Отмечая это обстоятельство, А. Малашенко приводит слова великого тюркского просветителя XIX века Исмаила бея Гаспринского о том, что «ни один народ так гуманно и чистосердечно не относится к покоренному, вообще чуждому племени, как... русские» (см.прим.4, 22.02.92). В советский период именно Россия вынесла на себе основную тяжесть борьбы с тоталитаризмом и защиты демократических ценностей, а русский народ понес наибольшие материальные и людские потери в «социалистическом строительстве». Поэтому, как пишет С.Б. Станкевич, нынешняя Россия и русские несут «не больше ответственности за дела коммунистических вождей, чем нынешняя Латвия за дела тысяч латышских стрелков на российской земле в 1917-м» (см. прим.4, 6.11.92). Более того, на Кавказе, например, историческая память многих народов хранит воспоминания о России как о стране, которая объективно гарантировала условия их спасения от физического исчезновения. Речь идет о прекращении непрерывных пограничных войн, о братоубийственных конфликтах между кавказскими народами, а также о кровной мести и других подобных обычаях, которые стоили им многих жизней их молодого поколения14. Кроме того, «трудно отрицать тот факт, что в СССР были созданы условия для возрождения многих народов северного Кавказа. Что же касается репрессии и депортации целых народов, то это совершенно другая проблема, требующая самостоятельного анализа в общем списке преступлений большевистской диктатуры» (см. прим. 14).

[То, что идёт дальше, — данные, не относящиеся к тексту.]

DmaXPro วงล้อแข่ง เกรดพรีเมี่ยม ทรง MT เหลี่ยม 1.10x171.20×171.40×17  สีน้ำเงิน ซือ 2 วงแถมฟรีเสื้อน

Сказанное не означает, конечно, что «империя и демократия диалектически едины» и что постсоветская Россия должна поэтому как утверждает В. Гущин, обязательно стать империей (см. прим.4, 23.07.93; 17.09.93). Сильная, многонациональная и единая держава, обеспечивающая равные демократические права всем своим гражданам и народам и в то же время твердо отстаивающая свою целостность, вопреки претензиям отдельных националистических деятелей, представляющих лишь самих себя в своем стремлении к власти, - это отнюдь не империя в точном смысле данного термина, которым вряд ли стоит злоупотреблять, особенно в период глубокого экономического и политического кризиса и обострения национального вопроса. Это особенно важно подчеркнуть в свете вышеописанной дифференцированности российского национального самосознания, являющейся, в свою очередь, причиной отсутствия согласия по внешнеполитическим вопросам между различными группами российского социума, а также внутриполитической борьбы, которая характеризует процесс принятия решений в сфере международной деятельности государства.